Necesito generar una onda triangular a 50kHz de una amplitud de 2Vpp y valor medio 0. He encontrado algun circuito para generarla pero me parecen bastante complicados porque el circuito incorpora un triac en la realimentación negativa de un operacional.
Si alguien conoce algun circuito que genere esta señal de alguna forma sencilla le estaría muy agradecido.
Gracias por vuestra atención.


----------



## Apollo (Nov 11, 2006)

Hola cesarbadenas:

Si mal no recuerdo, si conectas un 555 como oscilador, en el pin  7 (o 6 ) se genera una onda triangular, pero no puedes tomar mucha corriente de este punto directamente porque puedes dañar el 555, pero si puedes utilizar una compuerta o un Op Amp CMOS para amplificarla y darle la ganancia que necesitas.

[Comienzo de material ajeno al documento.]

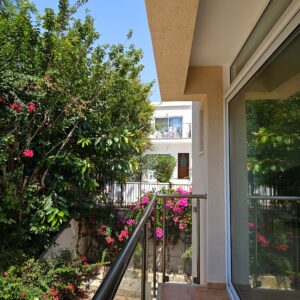 3 Bedroom House for Sale in Tombs Of the Kings, Paphos District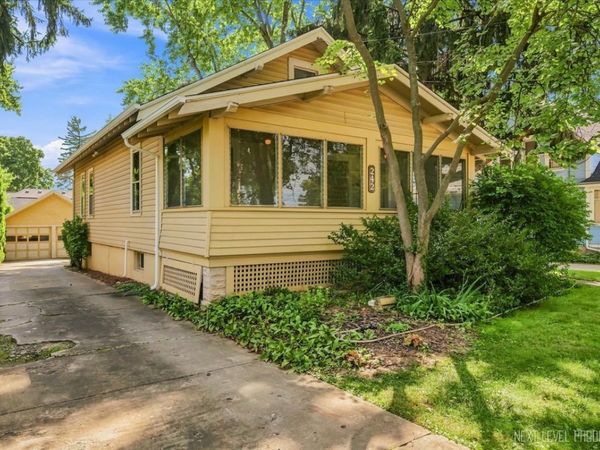 242 N Lincoln Street , Batavia, IL 60510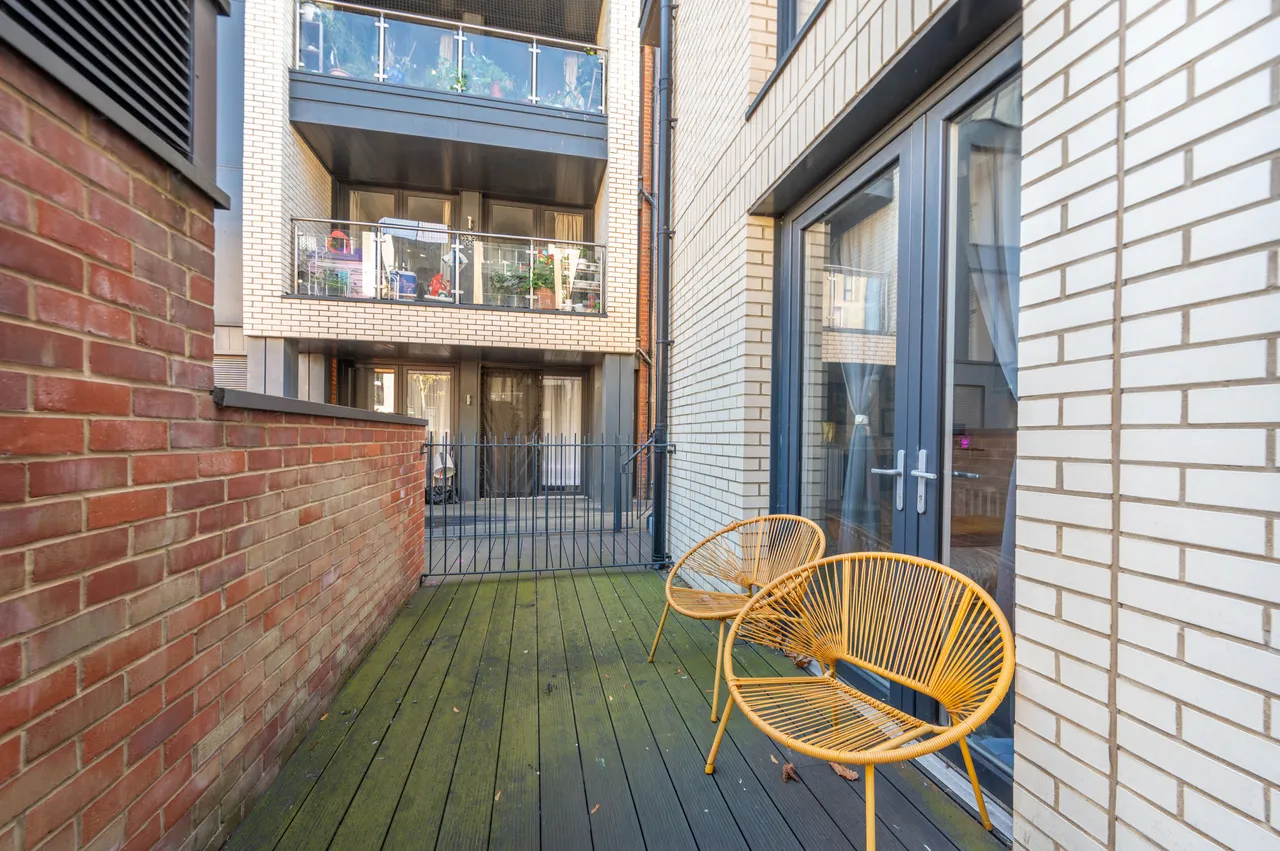London, NW10, photo 6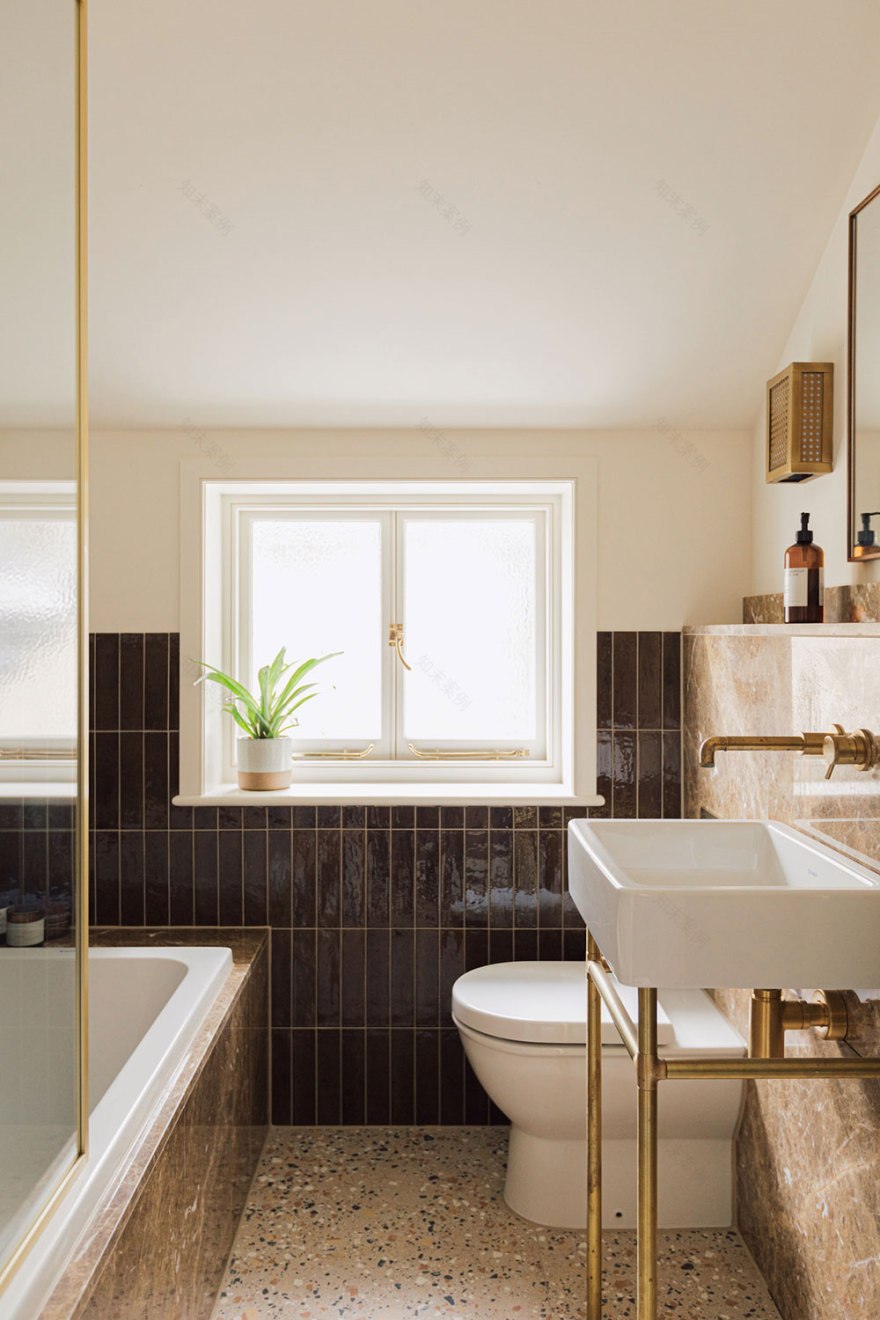 伦敦南部历史镇 house 炫彩内饰设计-24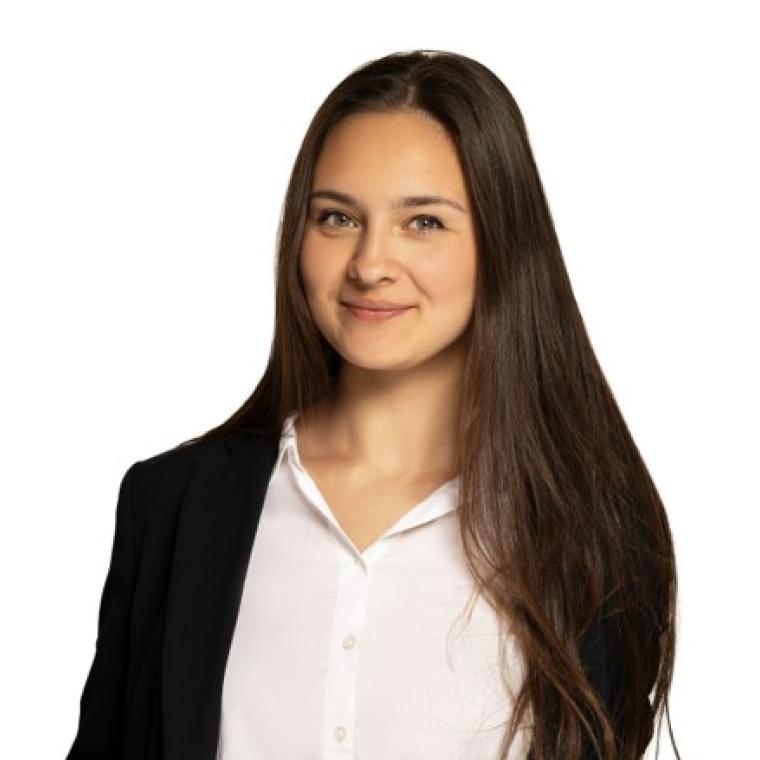 Photo of Maya Khitrova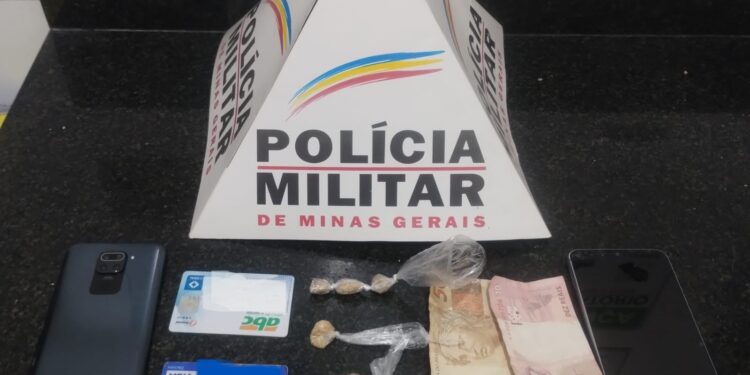 Formiga: Polícia Militar prende casal com drogas no bairro Mangabeiras
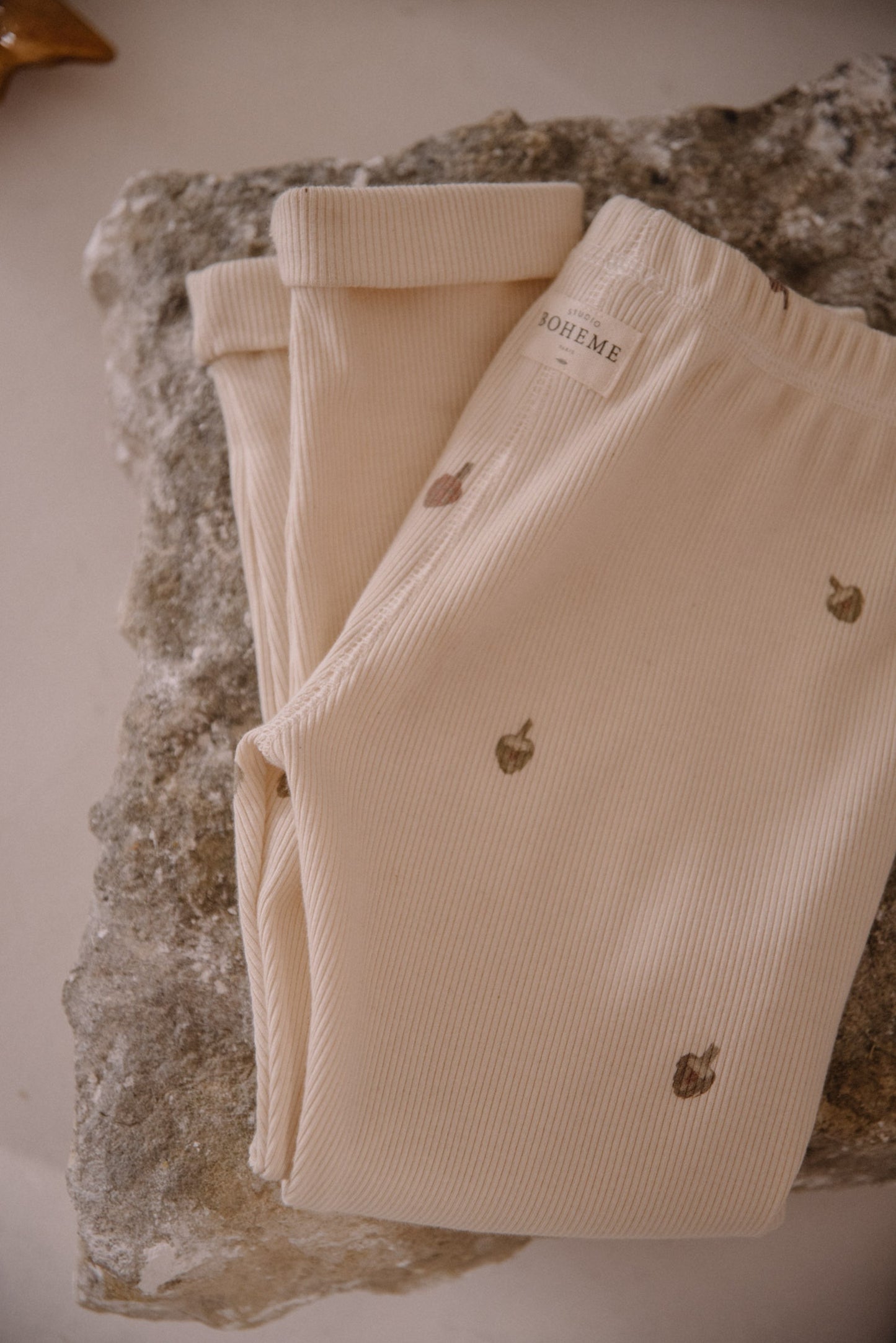 ROM POM LEGGINGS - Ecru/Artichokes [STUDIO BOHEME](22AW)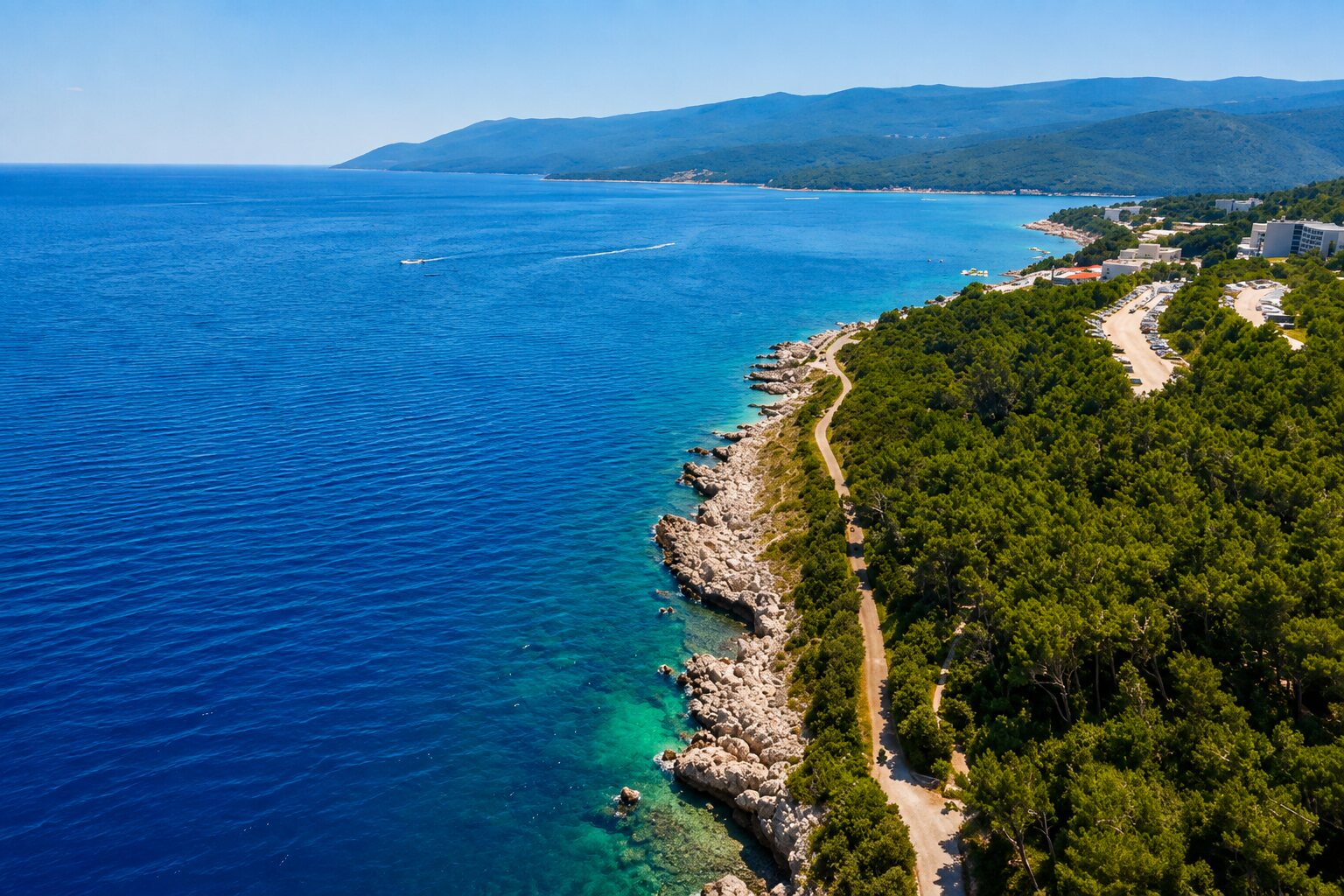 Valamar Sanfior Hotel & Casa: cestovka, nebo vlastní cesta přes Booking?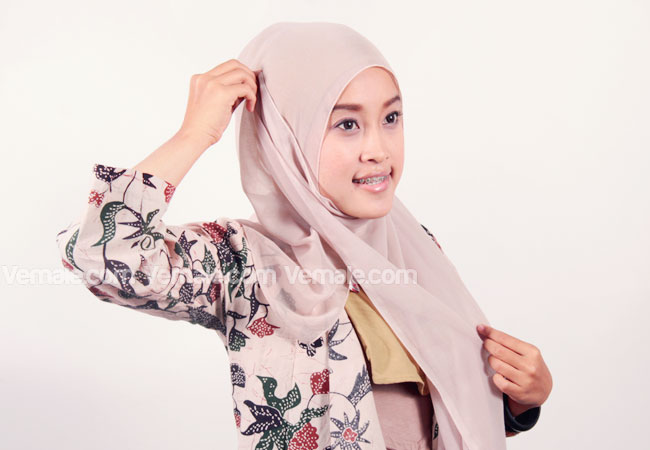 Gambar 3 Cara Memakai Jilbab Segi Empat dengan Cepat Gambar 3 Cara Memakai Jilbab Segi Empat dengan Cepat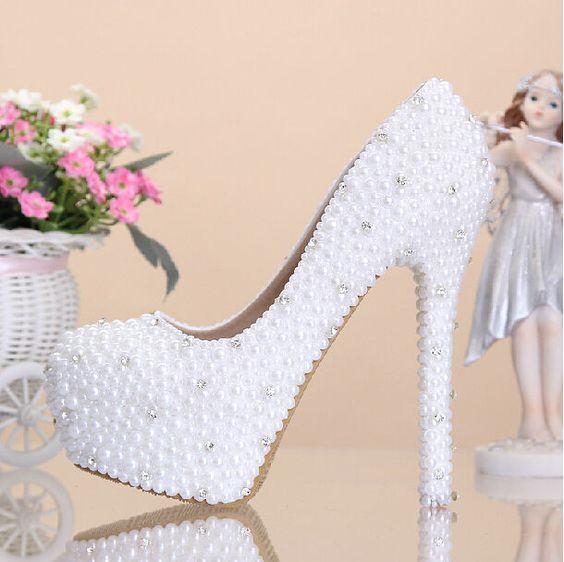 Νυφικά παπούτσια για όλα τα γούστα!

Espero que sea útil esta información.
Un saludo al foro


----------



## The_Master_Col (Nov 11, 2006)

Hola, tengo entendido que los circuitos osciladores de cristal son capaces de generar este tipo de señal pero no tengo clara la idea de como diseñarlos, aca dejo algunos circuitos:











Y efectivamente del pin número 6 de un 555 astable se puede extraer también la señal.

Saludos y feliz aprendizaje.


----------



## cesarbadenas (Nov 15, 2006)

Muchas gracias por vuestra ayuda creo que con estos esquemas ya tengo materia para empezar a trabajar.
Un saludo!!


----------